On 15 Sep 2009, at 03:03, Ian Hickson wrote:

> [...] [R]egardless of the environment, &#xD800;&#xDC00; and  
> &#x10000; are not the
> same -- the first has two invalid characters U+D800 and U+DC00, the  
> second
> has one character U+10000.

That works well as long as the concepts are couched in abstract terms,  
but how is one expected to prevent adjacent surrogates from coalescing  
in a UTF-16 environment?

Firefox circumvents the problem by substituting U+FFFD for the  
surrogates; other browsers make no attempt to prevent coalescence.

> I'm not really sure how to make that clearer in the spec.

(Let us first determine what should happen.)

> I suppose we
> could just change the spec and say that surrogate characters (whether
> literal characters, e.g. in UTF-8, or from character references) all  
> get
> converted to U+FFFD?.

That seems to be the only reasonable option if handling  
&#xD800;&#xDC00; as U+FFFD U+FFFD is deemed desirable and sufficiently  
compatible with existing documents.  It would simplify things a bit in  
non-UTF-16 environments (as compared to my interpretation of the  
current text) without much added complexity in UTF-16 environments.

> [\xD800&#xDC00;] should give U+FFFD U+DC00. It's not clear to me why  
> that is not clear. :-)
> Could you walk me through the spec interpreting it in such a way  
> that you
> get any other result?

See below.

> The spec says "Bytes or sequences of bytes in the original byte stream
> that could not be converted to Unicode characters must be converted to
> U+FFFD REPLACEMENT CHARACTER code points".

I take it you mean that \xD800&#xDC00; should turn into \xFFFD&#xDC00;  
at this point, which is only supported by the quoted text if "bytes or  
sequences of bytes" representing surrogates "[cannot] be converted to  
Unicode characters" or, to put it differently, if surrogates are not  
"Unicode characters".

Unfortunately for this reading, the term "Unicode character" does not  
seem to be defined in HTML5 or in Unicode, and the following paragraph  
(which appears shortly after the one you quoted) clearly includes  
surrogate code points within the concept of "Unicode character":

"Any occurrences of any characters in the ranges [...] U+D800 to U 
+DFFF, [...] are parse errors. (These are all control characters or  
permanently undefined Unicode characters.)"

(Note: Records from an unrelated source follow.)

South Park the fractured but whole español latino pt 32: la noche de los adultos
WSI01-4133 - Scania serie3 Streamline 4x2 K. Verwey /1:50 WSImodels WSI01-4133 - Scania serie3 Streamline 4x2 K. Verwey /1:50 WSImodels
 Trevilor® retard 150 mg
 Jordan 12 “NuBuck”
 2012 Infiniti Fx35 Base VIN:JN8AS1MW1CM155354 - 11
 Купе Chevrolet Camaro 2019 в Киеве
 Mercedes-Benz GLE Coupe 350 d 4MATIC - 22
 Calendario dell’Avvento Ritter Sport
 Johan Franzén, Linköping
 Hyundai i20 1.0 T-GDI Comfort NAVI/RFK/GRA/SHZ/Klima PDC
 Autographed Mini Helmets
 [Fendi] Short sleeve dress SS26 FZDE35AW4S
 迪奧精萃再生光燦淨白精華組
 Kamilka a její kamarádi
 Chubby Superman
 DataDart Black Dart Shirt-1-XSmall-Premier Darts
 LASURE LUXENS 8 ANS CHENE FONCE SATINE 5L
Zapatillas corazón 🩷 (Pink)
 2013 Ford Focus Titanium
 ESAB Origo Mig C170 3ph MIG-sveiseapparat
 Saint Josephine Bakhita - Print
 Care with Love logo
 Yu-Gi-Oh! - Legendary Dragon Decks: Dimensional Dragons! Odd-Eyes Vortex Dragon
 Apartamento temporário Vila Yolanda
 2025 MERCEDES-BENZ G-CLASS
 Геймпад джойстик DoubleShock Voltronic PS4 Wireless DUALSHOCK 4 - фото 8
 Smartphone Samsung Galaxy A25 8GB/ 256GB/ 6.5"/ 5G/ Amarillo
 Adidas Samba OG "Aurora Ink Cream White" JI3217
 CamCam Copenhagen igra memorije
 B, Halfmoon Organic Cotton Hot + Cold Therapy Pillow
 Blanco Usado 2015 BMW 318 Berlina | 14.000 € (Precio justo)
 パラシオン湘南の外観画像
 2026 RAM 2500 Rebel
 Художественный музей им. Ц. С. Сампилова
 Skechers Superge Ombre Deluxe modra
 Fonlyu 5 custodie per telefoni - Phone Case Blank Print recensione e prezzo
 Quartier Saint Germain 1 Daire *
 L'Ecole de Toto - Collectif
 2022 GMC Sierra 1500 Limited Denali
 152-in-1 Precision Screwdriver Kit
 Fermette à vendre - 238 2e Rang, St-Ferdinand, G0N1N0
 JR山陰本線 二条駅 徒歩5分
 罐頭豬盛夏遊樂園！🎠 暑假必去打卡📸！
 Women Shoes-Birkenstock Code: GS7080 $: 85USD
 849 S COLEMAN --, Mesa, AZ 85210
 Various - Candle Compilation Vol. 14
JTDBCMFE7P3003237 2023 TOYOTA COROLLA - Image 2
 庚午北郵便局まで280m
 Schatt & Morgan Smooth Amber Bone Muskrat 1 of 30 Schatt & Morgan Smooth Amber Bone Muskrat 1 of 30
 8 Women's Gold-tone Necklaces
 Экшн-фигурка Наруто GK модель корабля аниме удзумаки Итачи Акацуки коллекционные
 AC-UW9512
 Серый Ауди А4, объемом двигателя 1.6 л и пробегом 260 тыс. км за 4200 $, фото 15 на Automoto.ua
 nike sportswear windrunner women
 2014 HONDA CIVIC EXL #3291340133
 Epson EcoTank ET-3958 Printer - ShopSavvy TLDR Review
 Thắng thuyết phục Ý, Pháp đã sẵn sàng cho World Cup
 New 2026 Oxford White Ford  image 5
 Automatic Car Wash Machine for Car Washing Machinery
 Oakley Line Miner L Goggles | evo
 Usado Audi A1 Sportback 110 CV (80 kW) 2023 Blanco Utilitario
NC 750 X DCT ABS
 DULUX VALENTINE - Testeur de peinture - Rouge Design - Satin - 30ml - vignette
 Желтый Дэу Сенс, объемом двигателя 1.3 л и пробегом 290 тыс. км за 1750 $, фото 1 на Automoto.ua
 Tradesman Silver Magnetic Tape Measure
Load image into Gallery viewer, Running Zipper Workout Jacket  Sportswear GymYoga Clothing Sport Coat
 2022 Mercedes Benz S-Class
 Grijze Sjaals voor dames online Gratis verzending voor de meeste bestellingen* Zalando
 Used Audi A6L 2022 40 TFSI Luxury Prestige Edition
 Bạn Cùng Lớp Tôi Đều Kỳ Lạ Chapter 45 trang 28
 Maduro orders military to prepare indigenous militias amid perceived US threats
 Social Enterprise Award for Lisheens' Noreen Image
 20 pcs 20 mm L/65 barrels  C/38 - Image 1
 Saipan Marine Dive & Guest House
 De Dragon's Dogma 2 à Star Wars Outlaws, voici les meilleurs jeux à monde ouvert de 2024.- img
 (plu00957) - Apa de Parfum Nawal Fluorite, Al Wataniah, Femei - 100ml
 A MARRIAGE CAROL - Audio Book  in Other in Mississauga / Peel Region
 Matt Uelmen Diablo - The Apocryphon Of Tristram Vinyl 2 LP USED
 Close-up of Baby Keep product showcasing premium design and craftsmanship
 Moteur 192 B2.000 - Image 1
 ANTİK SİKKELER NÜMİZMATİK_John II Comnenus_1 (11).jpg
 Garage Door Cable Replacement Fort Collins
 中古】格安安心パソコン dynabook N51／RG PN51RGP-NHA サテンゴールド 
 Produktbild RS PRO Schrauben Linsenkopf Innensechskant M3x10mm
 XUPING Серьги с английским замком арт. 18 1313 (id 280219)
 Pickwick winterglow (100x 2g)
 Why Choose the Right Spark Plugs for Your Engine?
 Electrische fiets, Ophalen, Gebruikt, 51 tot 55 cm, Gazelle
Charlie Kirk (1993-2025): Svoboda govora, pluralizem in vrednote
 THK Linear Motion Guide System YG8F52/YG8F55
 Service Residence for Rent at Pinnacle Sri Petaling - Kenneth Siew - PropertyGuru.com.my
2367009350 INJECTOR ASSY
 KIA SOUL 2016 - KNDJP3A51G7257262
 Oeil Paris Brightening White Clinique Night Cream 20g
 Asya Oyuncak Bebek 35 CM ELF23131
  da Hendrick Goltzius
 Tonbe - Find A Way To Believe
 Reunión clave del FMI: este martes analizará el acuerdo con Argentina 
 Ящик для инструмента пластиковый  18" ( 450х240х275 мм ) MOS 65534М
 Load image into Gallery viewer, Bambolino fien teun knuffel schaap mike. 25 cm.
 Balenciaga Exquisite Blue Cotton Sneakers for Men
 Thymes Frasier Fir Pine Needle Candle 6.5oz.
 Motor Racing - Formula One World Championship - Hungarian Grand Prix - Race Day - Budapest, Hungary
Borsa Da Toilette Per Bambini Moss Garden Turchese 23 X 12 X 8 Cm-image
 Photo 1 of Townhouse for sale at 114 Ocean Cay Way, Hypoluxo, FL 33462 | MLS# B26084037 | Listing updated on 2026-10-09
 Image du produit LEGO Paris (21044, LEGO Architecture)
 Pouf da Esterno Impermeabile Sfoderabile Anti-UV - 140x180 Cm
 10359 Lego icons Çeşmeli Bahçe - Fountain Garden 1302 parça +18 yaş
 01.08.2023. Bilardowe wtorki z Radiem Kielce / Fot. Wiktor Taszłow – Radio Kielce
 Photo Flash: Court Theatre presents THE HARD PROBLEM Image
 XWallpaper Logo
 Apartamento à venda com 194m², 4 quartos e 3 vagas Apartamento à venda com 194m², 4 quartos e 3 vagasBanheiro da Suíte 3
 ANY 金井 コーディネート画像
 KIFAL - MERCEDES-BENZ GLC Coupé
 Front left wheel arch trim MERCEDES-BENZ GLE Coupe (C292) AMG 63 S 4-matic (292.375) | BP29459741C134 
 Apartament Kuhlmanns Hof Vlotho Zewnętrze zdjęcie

Moreover, this paragraph would be pointless if the characters  
mentioned therein could never occur at all.

***

The use of "Unicode character" without a definition is fine in other  
parts of HTML5, but clearly not sufficiently precise in this instance.  
If you want to exclude (unpaired) surrogate code points only, the  
appropriate term to use would probably be "Unicode scalar value".

-- 
Øistein E. Andersen